### Supplied information ###

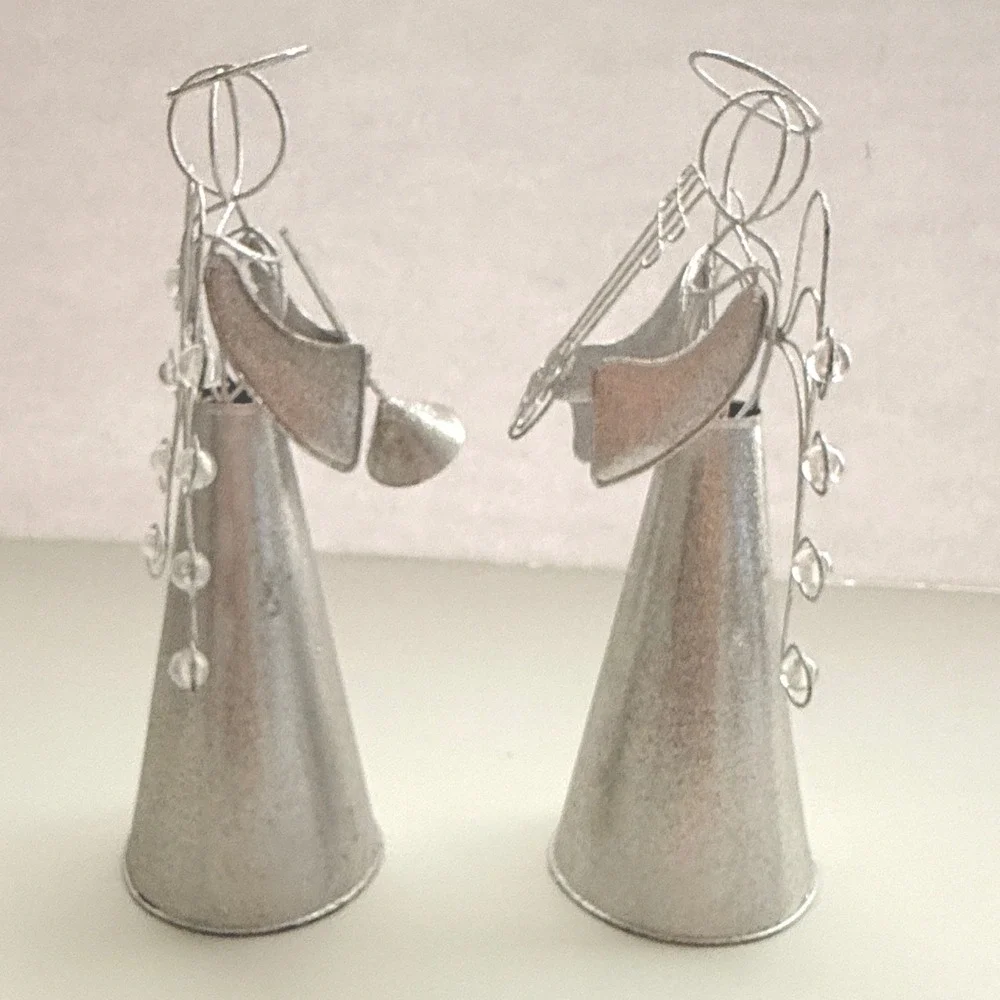 Pier 1 Metal Angel Figurines Silver Wire Accent Christmas Holiday Decor Set of 2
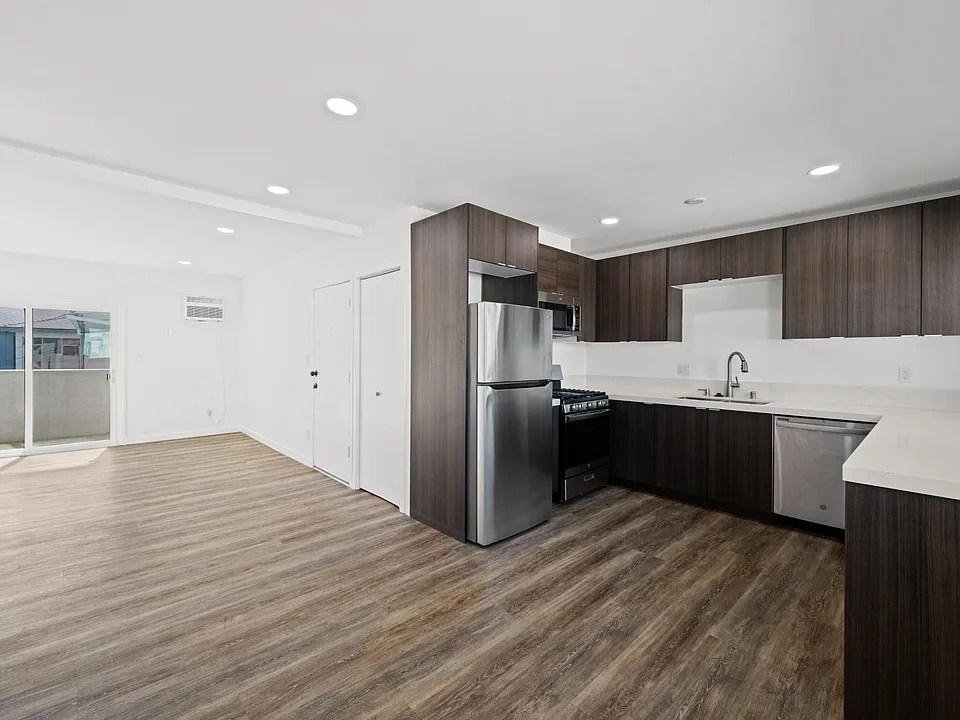 1929 S Corning St #5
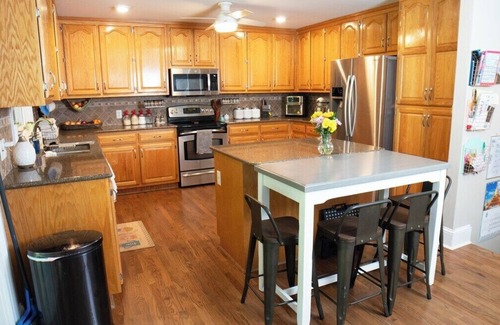 Suwanee House | Secluded/Fully Furnished/Slps 10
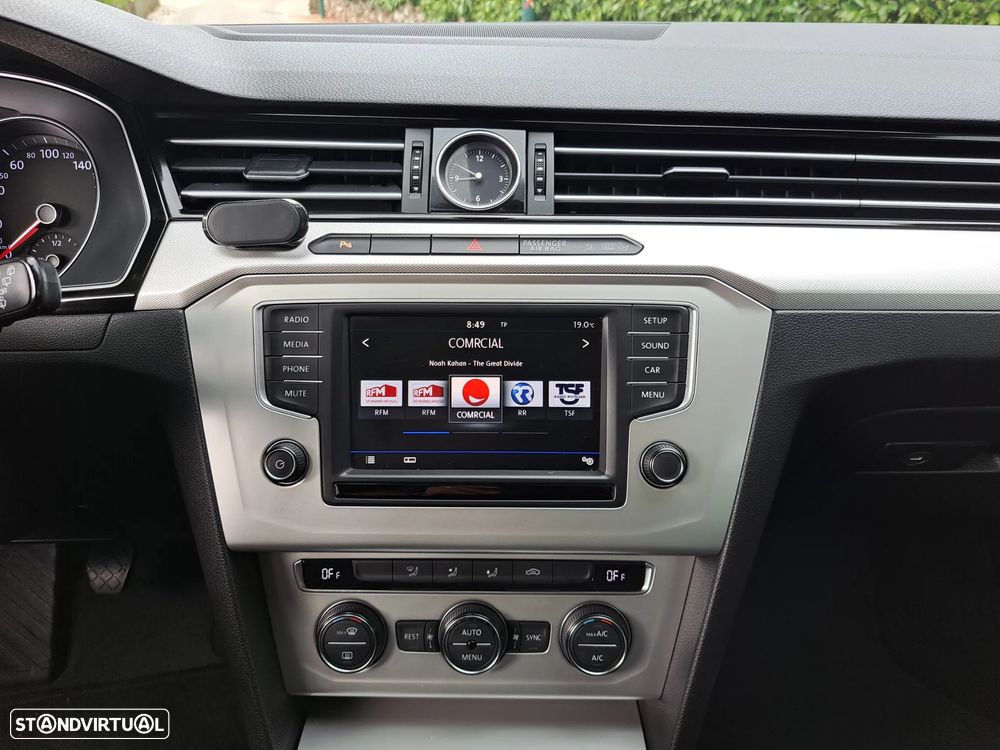 VW Passat 1.6 TDI (BlueMotion ) Comfortline - 24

###

Any images must be left out; transcribe the rest of the material exactly.

> _Solution to this problem_:
 Pier 1 Metal Angel Figurines Silver Wire Accent Christmas Holiday Decor Set of 2
 1929 S Corning St #5
 Suwanee House | Secluded/Fully Furnished/Slps 10
 VW Passat 1.6 TDI (BlueMotion ) Comfortline - 24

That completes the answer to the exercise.